Tr. 43. The prosecutor explained he had two witnesses in custody on material witness warrants and one of the witnesses would have to be returned to Tennessee if the trial did not begin. Another witness was homeless and did not live in Oregon. The Court took a break for defense counsel to obtain advice about how to proceed.
When the court reconvened, after a break of several hours, Judge LaBarre confirmed with petitioner that his federal lawsuit was based on the same allegations as asserted in his tort claims notice. The tort claims notice alleged Williams could not remember information on the case, and that petitioner had asked for police reports and had just received them. Petitioner confirmed he was illiterate and had asked different individuals in the jail to write the documents for him. When Judge LaBarre asked him what certain statements meant in the letters, petitioner could not tell him.

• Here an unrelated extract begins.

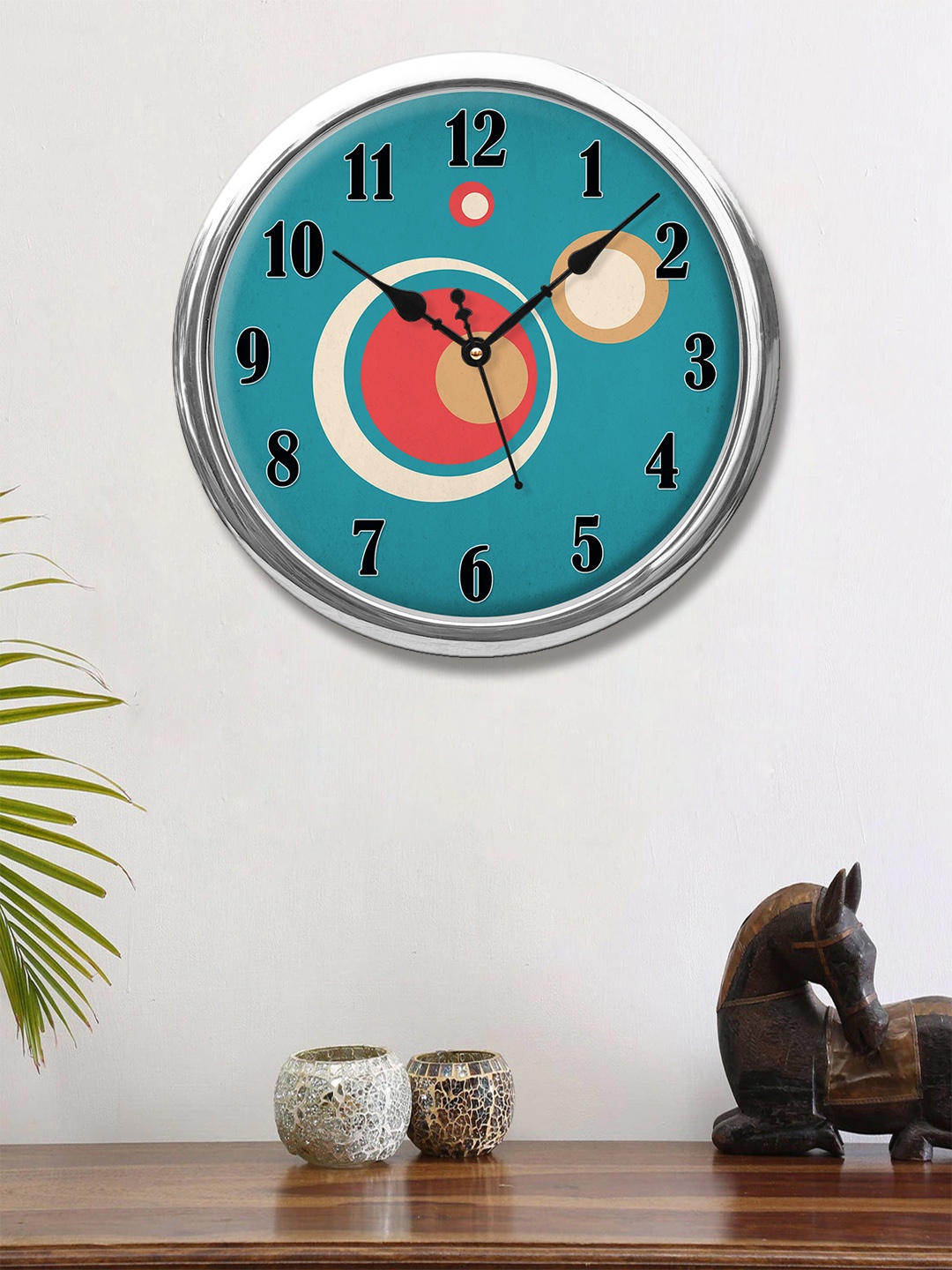 

999Store Blue & Red Printed Contemporary Wall Clock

Williams then explained that his firm had hired a lawyer, to represent him in the federal case, who had advised him to make a motion to be relieved from representing petitioner because of the pending litigation. Williams then so moved. Howard pointed to the Oregon Rules of Professional Conduct which prohibit representation of a client when there is a current conflict of interest. He explained the lawsuit created animosity, that he was going to be looking over his shoulder if he continued to represent petitioner, and that the lawsuit created a significant risk of materially limiting his representation of petitioner. Tr. 71-72. He then explained,
So that you understand whenever lawsuits are filed against individuals, at least this is my perspective, you take it personally. Even if we're in a no-fault comparative negligence state for a motor vehicle accident, if the other person files suit against me saying I'm at fault and I don't believe so, I'm taking that personally, even though it gets tossed out on its ear or settled and I have insurance to cover it all. And that's the way I view lawsuits.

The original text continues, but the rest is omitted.